BEIJING: London nickel prices eased on Friday, slipping from a 16-month high struck in the previous session, after Indonesia's nickel miners association said it had urged the government not to bring forward a ban on mineral ore exports.
The association's Secretary General Meidy Katrin Lengkey said the group had "indirect" knowledge of a plan to revise the date of enforcement of the ban but told Jakarta to "be consistent with the 2022 deadline because people have invested money to build smelters."
Nickel is still on course to add 9.5% in London this week, which would be its best week since November 2017, on speculation the ban could be introduced as soon as this year.
Shanghai nickel, meanwhile, struck a record high overnight and was up more 5% in Thursday's daytime session.
Supply of stainless steel ingredient nickel pig iron on the Chinese spot market is "still relatively tight and some stainless steel plants have already locked in orders until the end of September," Huatai Futures said in a note.
FUNDAMENTALS
* NICKEL: Three-month nickel on the London Metal Exchange fell as much as 1.5%, and was down 0.3% at $15,830 a tonne, as of 0508 GMT. The metal jumped 12.7% to $16,690 a tonne on Thursday, matching an April 2018 high.
* NICKEL: The most-traded October nickel contract on the Shanghai Futures Exchange was up 5.6% at 126,730 yuan ($17,974.10) a tonne by the end of the morning session, after hitting a record high of 127,180 yuan overnight.

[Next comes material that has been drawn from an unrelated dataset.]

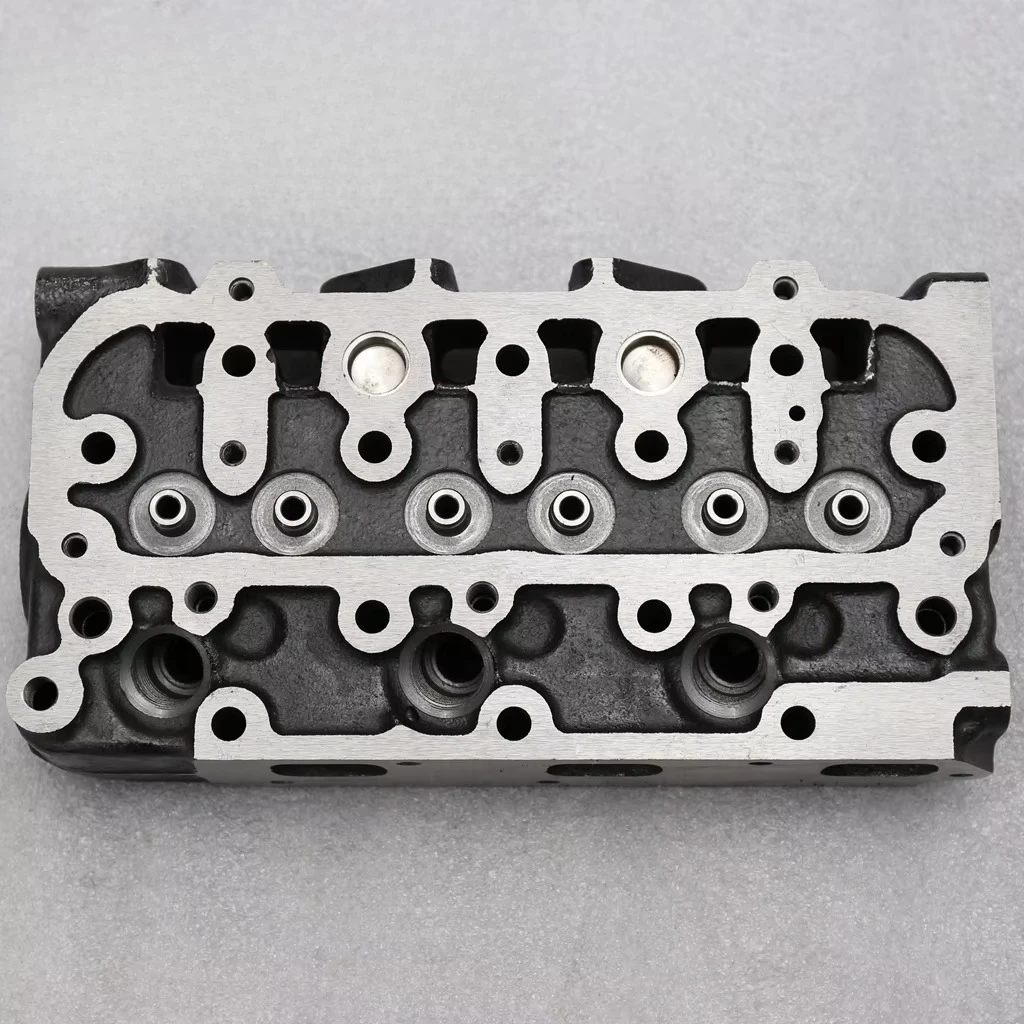 

Лидер продаж 2025, часть мини-экскаватора D782, головка блока цилиндров двигателя 1G008-03040, головка блока цилиндров для экскаватора Kubota ZD21 ZD221 ZD321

* OPEN INTEREST: Market open interest in Shanghai nickel, a measure of liquidity, reached 803,652 lots on Thursday, the highest since June 2018.
* COPPER: Benchmark London copper slipped 0.4% to $5,773 a tonne, while Shanghai copper rose 0.6% to 46,640 yuan a tonne.
* PERU: Anti-mining protests in Peru have held up about $400 million in copper exports from some of the country's top mines and blocked supplies from reaching their operations for nearly three weeks, port operator Tisur said.
* ZAMBIA: Glencore's Mopani copper mines in Zambia has closed two shafts at its Nkana mine, a move that an opposition leader said had led to 1,400 job losses.
MARKETS NEWS
* Asian shares caught the tail of a Wall Street rally, helped by China's better-than-expected export figures.